American poet (1878–1963)

William Hobart Royce (/rɔɪs/; 20 March 1878 – 28 January 1963) was an American writer and bookseller who was an expert on Honoré de Balzac. Royce published poetry under his own name and under his pen name Willie Penmore.

==Early life==
Born on March 20, 1878, in Springfield, Massachusetts, Royce graduated from the Springfield High School in 1897 but did not attend college. He later said that his "only university has been the New York Public Library."

==Balzac==
Royce lived his life in emulation of Balzac and was the founder (1940) and president of the Balzac Society of America.
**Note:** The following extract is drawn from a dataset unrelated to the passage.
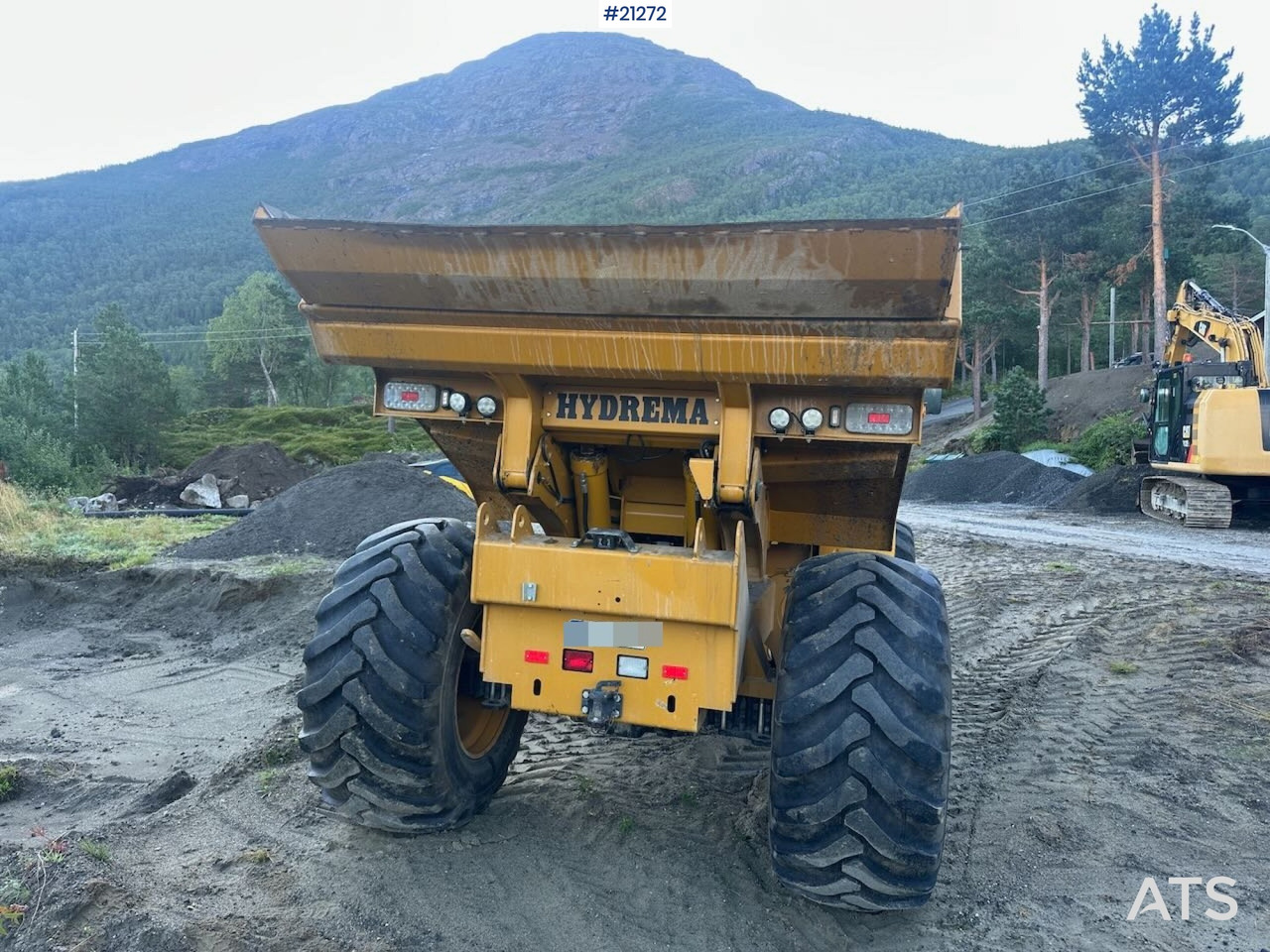 Hydrema 912GS - Csuklós dömper: 5 kép. Hydrema 912GS - Csuklós dömper: 5 kép.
In 1935, Royce was awarded the Cross of the Legion of Honor and was made an honorary citizen of Issoudun, where Balzac's La Rabouilleuse was set.

==Career==
Royce worked first in a bookshop in Springfield, before moving to New York where he spent twelve years with the American News Company followed by seven years at Max Harzof's Lexington Book Shop. According to Harzof, Royce's "main virtue was that he could be implicitly trusted with bags of uncounted gold". In 1917 Royce joined the Gabriel Wells bookselling firm where he stayed for over 30 years. In Wells, Royce met someone with a fascination with Balzac as great as his own and the shop became a centre for the sale of all types of Balzaciana. It was Wells who prevented Balzac's house at Passy from destruction.

==Family==
Royce married Eda Maria Wallin in 1908. They had two daughters, Eva Allen Qoyce and Abbie Anna Royce.

==Papers==
Royce's papers, including those of the Balzac Society of America, are in the library of Syracuse University.

==Selected publications==
- Balzac
- Balzac, Immortal. 1926.
- A Balzac Bibliography. Chicago: University of Chicago Press, 1929.
- Indexes to A Balzac Bibliography. Chicago: University of Chicago Press, 1930.
- Balzac as he should be read. 1946.
- Poetry
- Remember Pearl Harbor! n.d.
- The Bookman's Lament. n.d.
- Balzac was Right, A Sonnet Sequence. New York, A. Giraldi, 1943.